In de Volkskrant van 9 mei vertelt traumadeskundige Berthold Gersons over de verschillende fases in de coronacrisis. Het begint met de schok. Mensen zijn moe en hebben moeite om zich te concentreren. Dan volgt de honeymoonfase. Mensen voelen opluchting dat ze het overleefd hebben en voelen een enorme verbondenheid met elkaar. Dat was het moment dat mensen massaal gingen klappen voor de zorg, voor elkaar muziek maakten en troostende filmpjes deelden. Wat volgens Gersons nog moet komen is de desillusiefase, het moment dat de gevolgen van de coronacrisis tot ons doordringen. Mensen hebben hun emoties een tijdlang ingehouden. Er zijn veel mensen gestorven, die nu anonieme cijfers zijn in het dagelijkse overzicht van het RIVM. De gezichten achter de doden zijn onzichtbaar. In Engeland verschenen pagina’s met foto’s van overledenen in kranten. Gersons roept op tot een dag van nationale rouw om de overledenen te herdenken.
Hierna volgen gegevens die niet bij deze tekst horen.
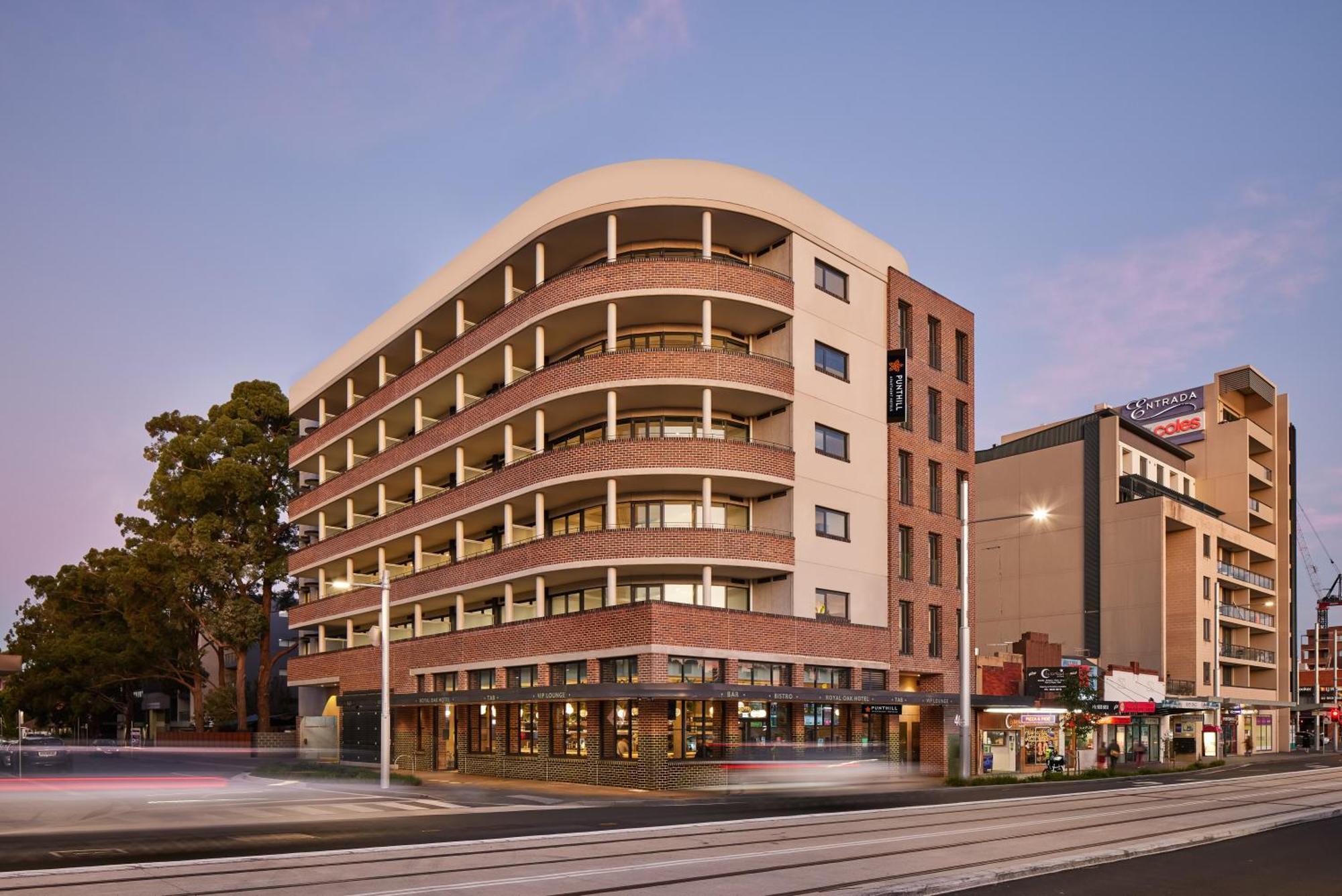 Punthill Parramatta Aparthotel Σίδνεϊ Εξωτερικό φωτογραφία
Laten we de doden niet vergeten, of ze nu aan corona zijn overleden, kanker of een andere ziekte. Zij waren bij ons en hebben ons mede gemaakt tot wat wij zijn. We zijn misschien uit ze voortgekomen. Laten we, als de kerken weer opengaan, een kaars voor hen aansteken en hun naam noemen.
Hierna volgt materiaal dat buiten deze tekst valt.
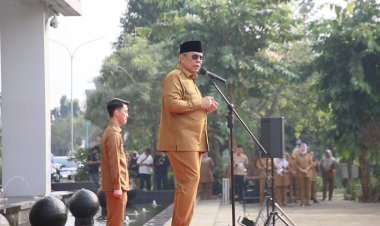Benyamin Davnie: Disiplin Bisa Ciptakan Kesejahteraan dan Daya Saing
Met het lied van Huub Oosterhuis “Gij die geroepen hebt Licht” zing ik:

Voor allen die gekruisigd worden wees niet niemand,
wees hun toekomst ongezien.
Voor mensen die van u verlaten zijn,
voor allen die hun lot niet kunnen dragen,
voor hen die weerloos zijn in de handen van de mensen.
Voor uw naamgenoten in ons midden,
vluchtelingen, vreemden, wees niet niemand.
Voor hen die kracht uitstralen, liefde geven, recht doen,
dat zij staande blijven in ons midden.

Omdat Gij het zijt, groter dan ons hart,
die mij hebt gezien, eer ik werd geboren.